I've driven through Denver a few times and it's always been beautiful, but we have yet to play there.
Give me some insight into the songwriting process.
It’s always a different process each time we sit down to write. Sometimes one person will bring in the initial idea, sometimes it will come from a few different people who had already started something, and a lot of the times we all just sit in a room together and come up with something from scratch. Having four writers in the band always makes for a different writing experience which is really cool because the sound always comes out a little different.
What's the strangest thing to inspire a song?
We have a new song about lucid dreaming. I got really into lucid dreaming back in high school. I started practicing all the steps to try and be able to completely control the dreams I had. It didn't work too well so I ended up giving up.
What's the story behind the debut single "Believer"? How has it changed over time?
“Believer” started from a guitar riff I played. We were sitting around the studio not sure what to start working on and I picked up an acoustic guitar and started playing the lead riff and said, "Here's our next song." James had written the line, "I’m just a believer" a while back and it fit perfectly with the melody. From there, the song pretty much wrote itself in under an hour. With everyone adding in different sounds, melodies and rhythms, it was a very natural and organic process.
You walk into a karaoke bar and are forced to sing a song- what's your go to tune?
I've actually won a couple of karaoke contests. At first everyone says, "Well you’re a singer so of course you won." But usually I just go up and shout the lyrics. I usually start with A-ha's "Take On Me" and then I’ll move on to MJ's "Billy Jean". Recently though I've been singing super sad songs at really bumpin’ bars, like "I Will Always Love You" by Whitney Houston on a Saturday night at a sports bar.
In your opinion, what makes an epic album? What's an example of one of your favorites?
I think we can all agree that we love every Coldplay album.
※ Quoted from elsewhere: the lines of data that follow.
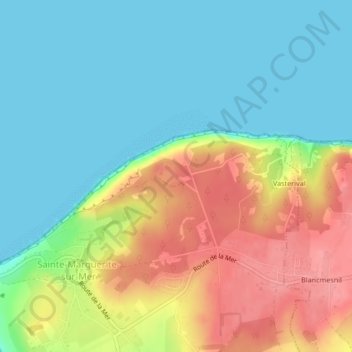 Mappa topografica Phare d'Ailly, altitudine, rilievo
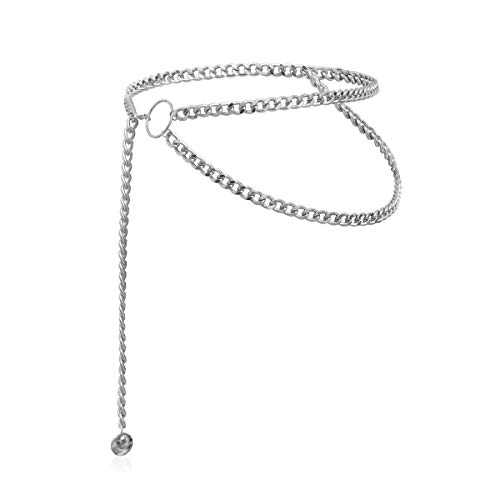 Salircon Silver Chain Belt for Women for Dresses M L XL Coin Metal Waist Belt Bling Body Chain (100cm/39in)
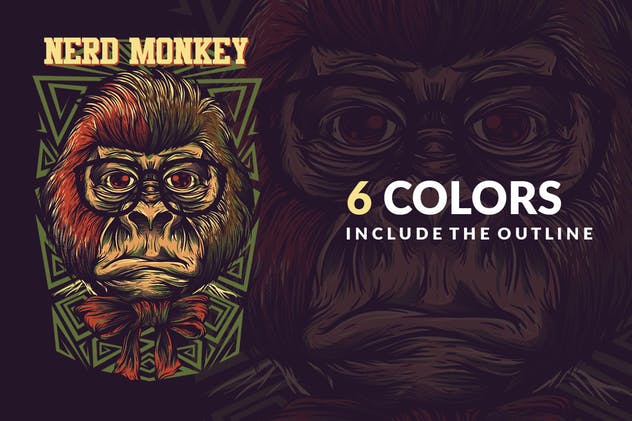 呆猴猴子手绘T恤印花设计 Nerd Monkey插图(2)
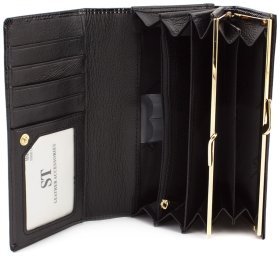 Чорний лаковий гаманець з монетницьою і блоком для карт ST Leather (16289)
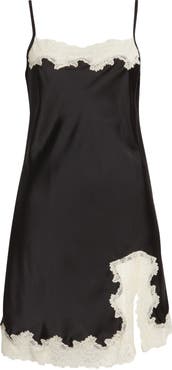 Open Edit Lace Trim Satin Chemise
Now those are epic. The songwriting is so good and they do a great job of using dynamics to tell a story throughout the album. The Killers release great epic albums too.
Aside from the upcoming run of shows, what else do you have planned for 2013?
Release an EP, keep writing and releasing songs, release a full album maybe and tour the world? Who knows! I had to cancel my recent trip to Hawaii for some last minute shows, so I’m still trying to find the time to go surf the north shore this year.
If you could have anyone in the world as the #1 fan of American Authors, who would it be and why?
My father. He used to take me to Warped Tour and Ozzfest every summer growing up and he would always say, "Zac, when your band is playing here, I will tattoo my entire body and sell t-shirts at your merch booth." While that will never be able to happen now, it is still a memory that I will never forget.